Consecuencias de la crisis para la clase trabajadora
Las consecuencias de la crisis son devastadoras. Cae la producción y se suceden las quiebras, ante lo que los Estados acuden en socorro del capital con los rescates, sobre todo bancarios, efectuando una masiva transferencia de recursos. Sólo en EEUU casi medio billón de dólares, alegando que son bancos o empresas “demasiado grandes para quebrar” (“too big to fail”), en cuyo caso habría que decir más bien que son “demasiado grandes para ser privados”. La clase trabajadora sufre la crisis en sus carnes: se dispara el desempleo y la precarización, caen los salarios y empeoran las condiciones laborales, recrudeciéndose los ataques a los servicios públicos, como la sanidad y la enseñanza. A pesar de todo y salvo excepciones puntuales, la posición oficial siempre acaba cerrando filas en torno a una interpretación benevolente de las causas de la crisis: se trata de un tropezón, resultado de una mala gestión. Pretenden vendernos que el problema no es por tanto el capitalismo, sino únicamente cómo se ha conducido, promoviendo así el mito de que hay salida a nuestros problemas dentro del modo de producción capitalista. Mito al que se adhieren, como sabemos y padecemos, las direcciones políticas y sindicales que, por ejemplo aquí, promueven el espantajo de un “nuevo modelo productivo”, al que nunca le faltan amables calificativos (con empleo de calidad, desarrollo tecnológico, medioambientalmente respetuoso, etc.). O que en el terreno electoral declaran pomposamente que, si les votamos a ellos, resolverán los problemas.

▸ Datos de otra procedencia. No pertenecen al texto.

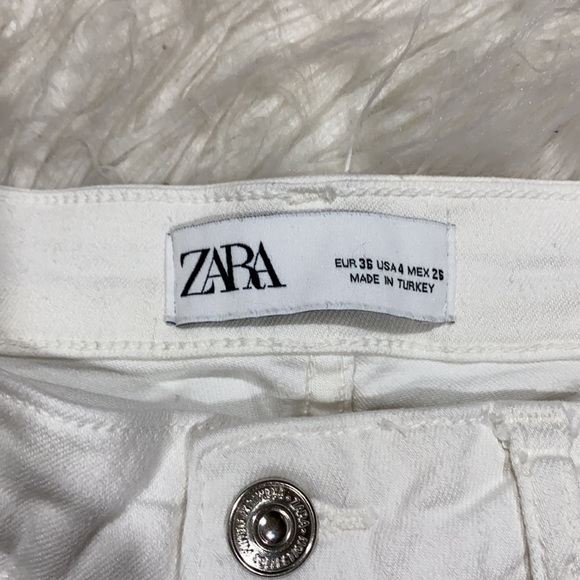 ZARA White Flare Leg Jeans sz 4 - Picture 5 of 9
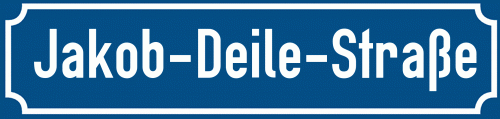 Straßenschild Jakob-Deile-Straße zum kostenlosen Download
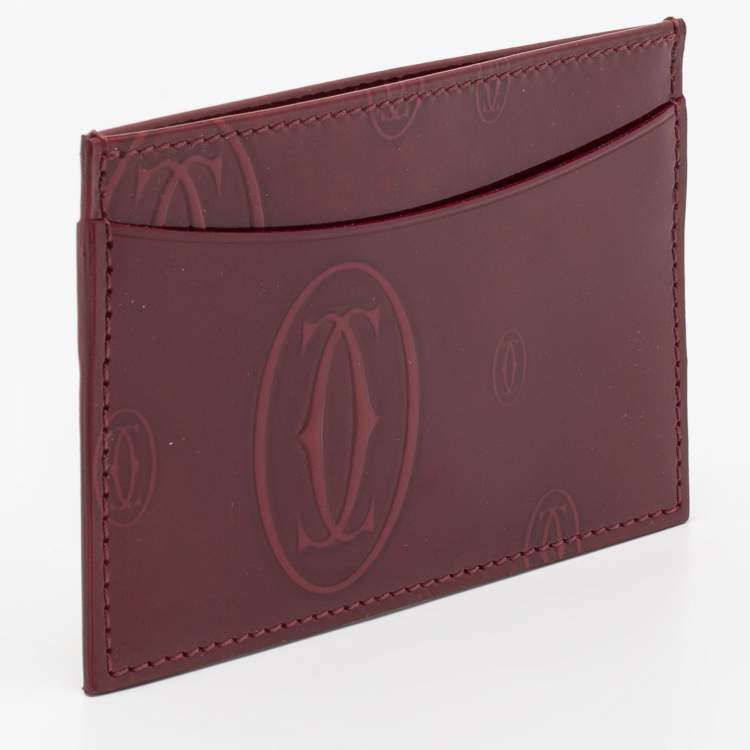 Pre Owned Cartier Red Patent Leather Happy Birthday Card Holder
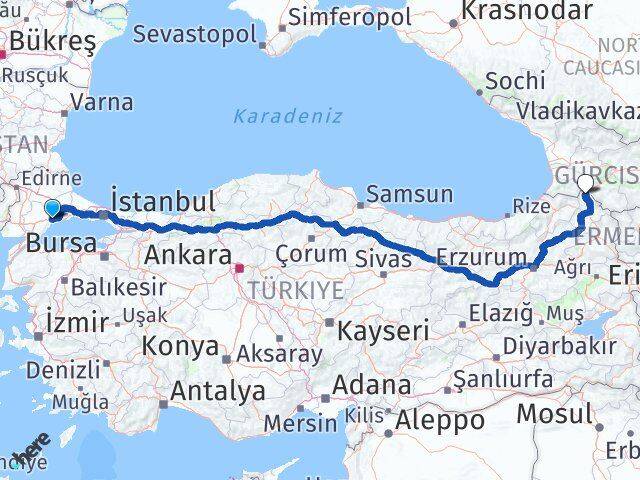 Tekirdağ Posof Ardahan Arası Kaç Km - Yol Haritası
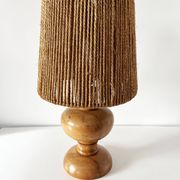 Vintage 1960 turned wood elm lamp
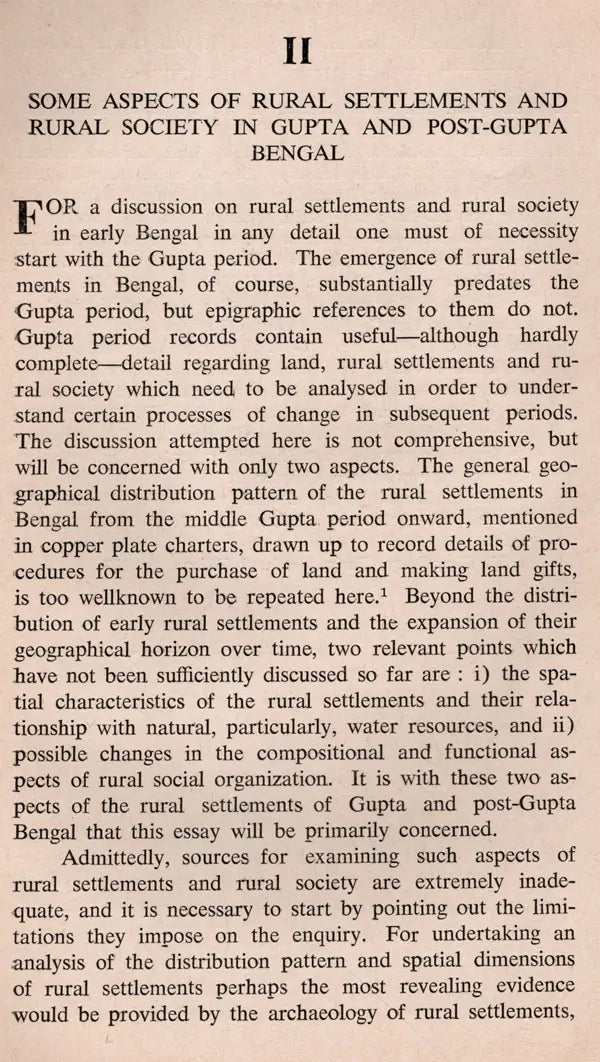 Aspects of Rural Settlements and Rural Society in Early Medieval India (S. G. Deuskar Lectures on Indian History and Culture 1985, An Old and Rare Book) - Retail Maharaj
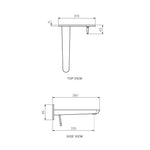 O'Rama Wall Mixer with Spout on Backplate with Black Handle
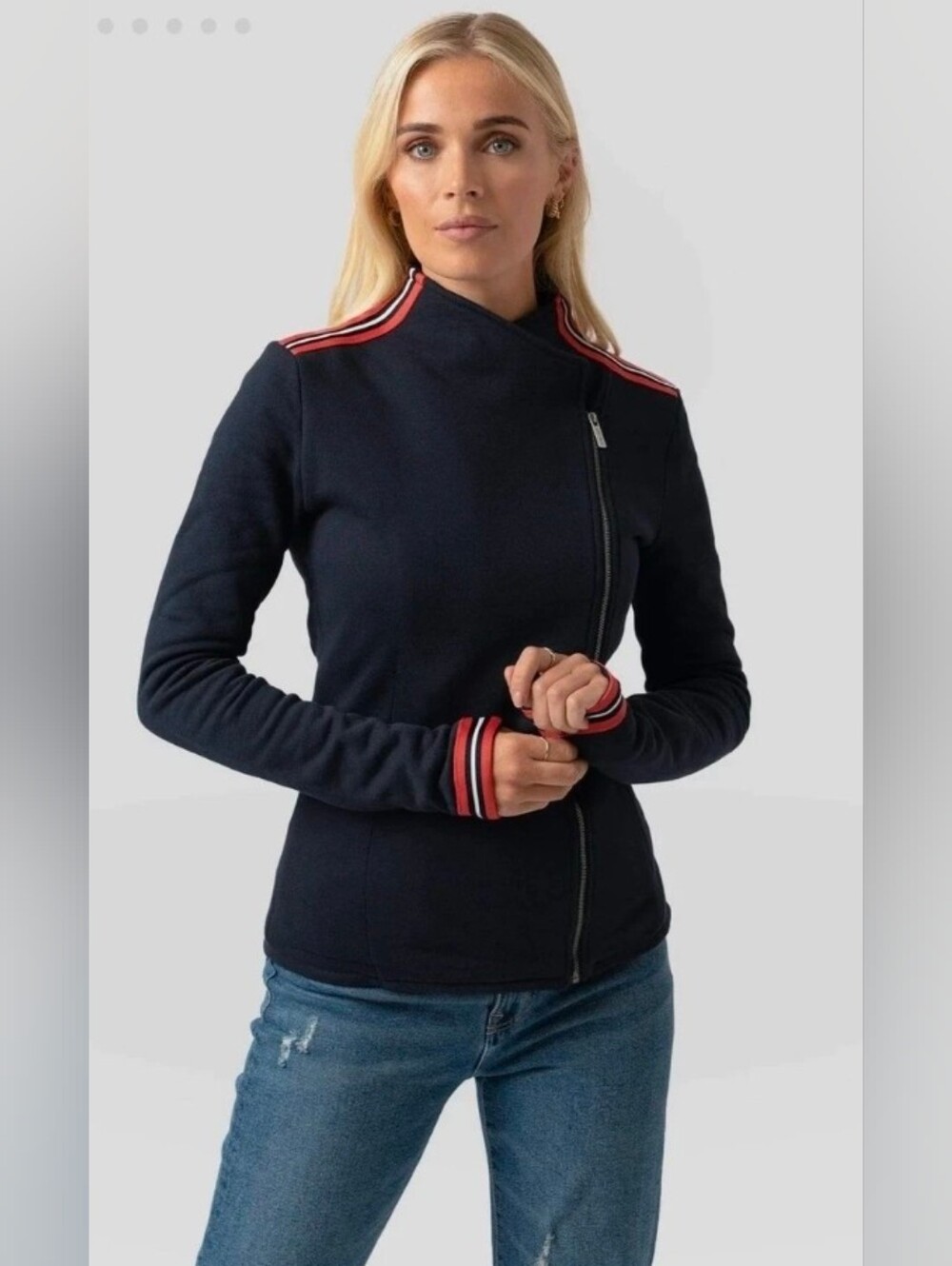 Saint + Sofia 100% Organic Cotton Biker Jacket in Navy Red Stripe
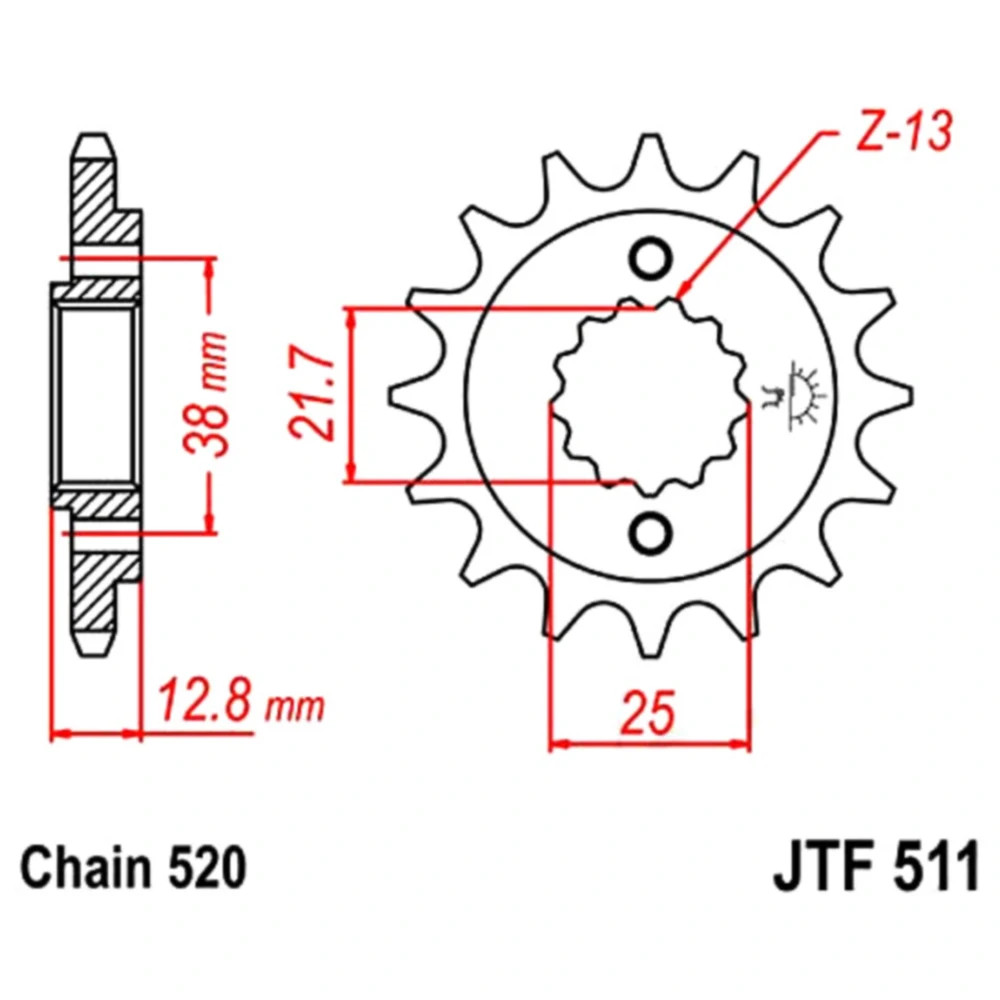 Ritzel 16Z Teilung 520 Gummiert feinverzahnt Innendurchmesser 2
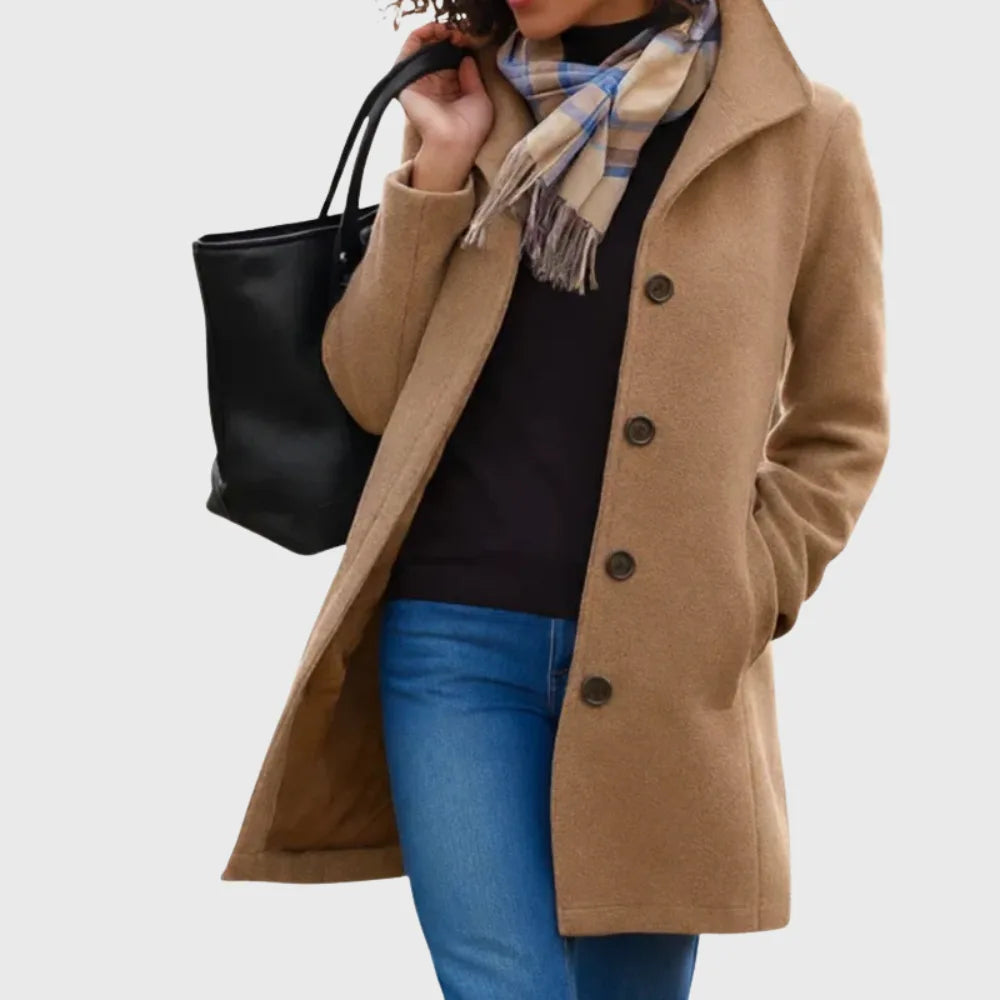 Women's button-front notch lapel wool coat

Ante esta situación, la clase trabajadora tiene todo el interés en conocer las causas profundas de la crisis, más allá de sus detonantes inmediatos, así como las perspectivas futuras y, en definitiva, qué alternativas reales tiene ante sí. Por eso es importante señalar que la crisis no fue un mero tropezón, sino que tiene un contenido mucho más profundo. En efecto, las crisis forman parte del proceso de acumulación capitalista. Tanto las crisis aparentemente más acotadas (bancarias, cambiarias, de impagos o reestructuración de deuda), de las que el FMI reconoce que desde 1971 ha habido cientos y cientos, como las crisis generales, a escala mundial y concretamente la crisis que estalla en 2007-2008, de la que en rigor difícilmente puede sostenerse que ha quedado plena y definitivamente atrás.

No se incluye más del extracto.